There are three ‘T’ Casios I know of – but what their purpose is, is a mystery, at least to me.
The three-game MG-777, BB-9 baseball, and the BG-15 boxing calculator all come with a rare T version. Strange thing is, the games are all identical to their non-T versions, the only difference being the graphics on the case – and in the case of the MG-777T there isn’t even this anomaly.
Game calculators are scarce enough anyway, and with the Casio company’s lack of documentation or assistance concerning their vintage models, you can only speculate on the need for the ‘T’. I’ve heard it mentioned that T = Tournament, but if this were the case, you’d expect some multi-player scoring or other functionality to be built into the games. I guess if there were officially sanctioned competitions in Japan at the time the calculators were released to boost marketing the Tournament story could be plausible but it would take someone who was there at the time to confirm it, so until then it’s all guesswork.
The one thing the T versions have in common is that the revised graphics make more of the game itself. Compare the BG-15T with the standard BG-15 below.

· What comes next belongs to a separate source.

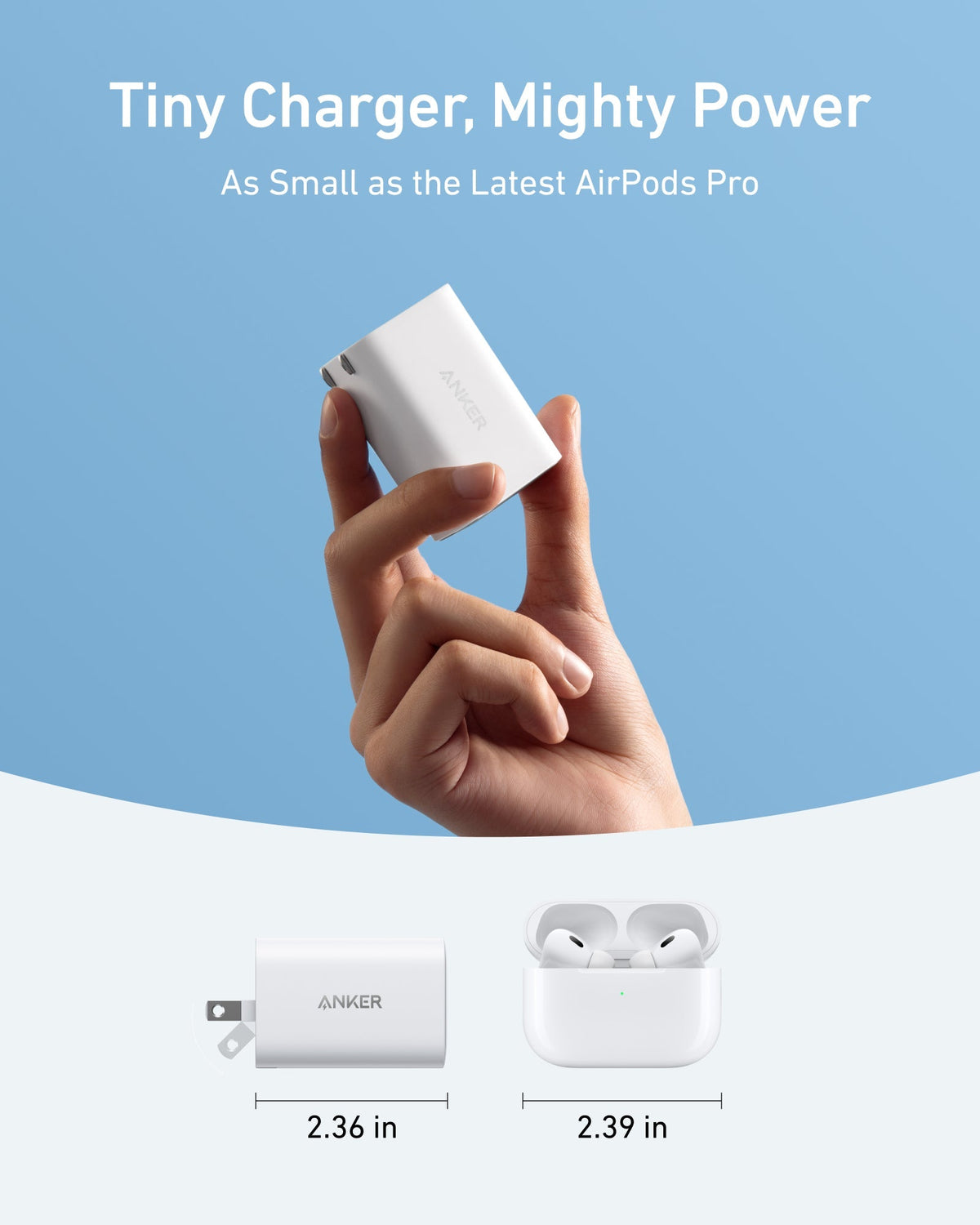 Anker Nano Charger (100W) with USB-C Cable - Agenda365.com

For starters the colours of the BG-15T are more vibrant, that red is almost pink and the blue is much lighter (close to highlighter blue). The name BOXING is larger on the BG-15T, the boxer around the game key is larger and the instructions for playing the game at the bottom are much more engaging (particularly Punch)!

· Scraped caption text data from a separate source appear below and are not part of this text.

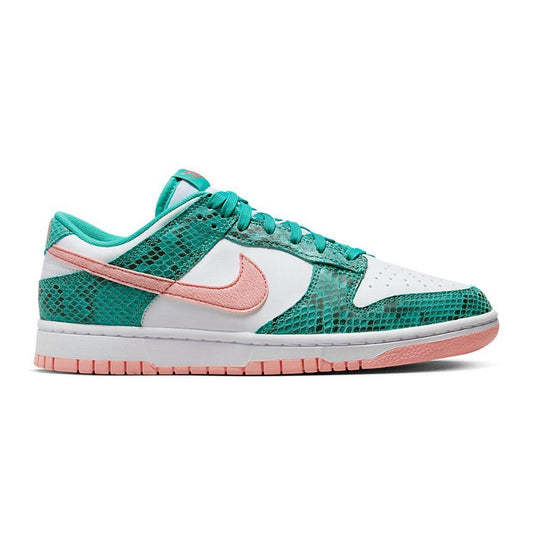 Dunk Low Snakeskin Washed Teal Bleached Coral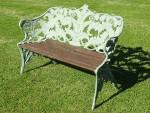 Weathered Fern and Blackberry Bench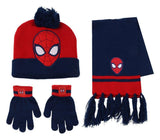 Marvel 3er-Set Beanie, Schal & Handschuhe Spider-Man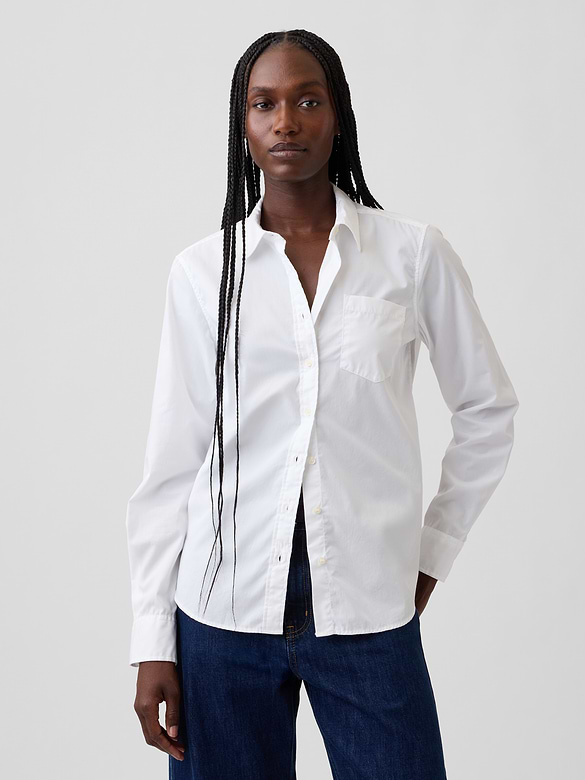 Organic Cotton Poplin Classic Shirt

So if nothing else, the T model could just be a re-release due to the calculator’s popularity and Casio, knowing they were onto a good thing with the calculator plus game concept opted to make more of the game function to appeal to a younger audience. But like I say, it’s all just speculation.

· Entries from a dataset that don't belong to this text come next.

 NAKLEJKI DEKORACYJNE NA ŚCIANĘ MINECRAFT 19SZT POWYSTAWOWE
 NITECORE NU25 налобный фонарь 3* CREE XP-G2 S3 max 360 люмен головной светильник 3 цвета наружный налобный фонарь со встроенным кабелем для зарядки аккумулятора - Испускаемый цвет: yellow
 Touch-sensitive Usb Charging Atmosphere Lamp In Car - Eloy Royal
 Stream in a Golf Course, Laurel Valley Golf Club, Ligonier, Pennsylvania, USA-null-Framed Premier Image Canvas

There’s no added benefit to playing the T version, other than knowing you’re playing a rarer game so don’t get too punchy on the keys. On the whole boxing was a great seller for Casio perhaps evidenced by the number of versions they produced – the BG-15 and BG-15T were joined by the BG-8 (small ‘ladies’ version) and BG-20 (large screen version).
The two BG-15Ts I’ve owned both came from Australia so another thought might be it was a down-under version of the calculator – which wouldn’t be the first time the Southern Hemisphere got a different version than the rest of the world. Nintendo’s rare widescreen Game & Watch Egg EG-26 is a direct clone of Mickey Mouse MM-25 but for some reasons (licensing probably) was only released in non-Asian/American/European markets.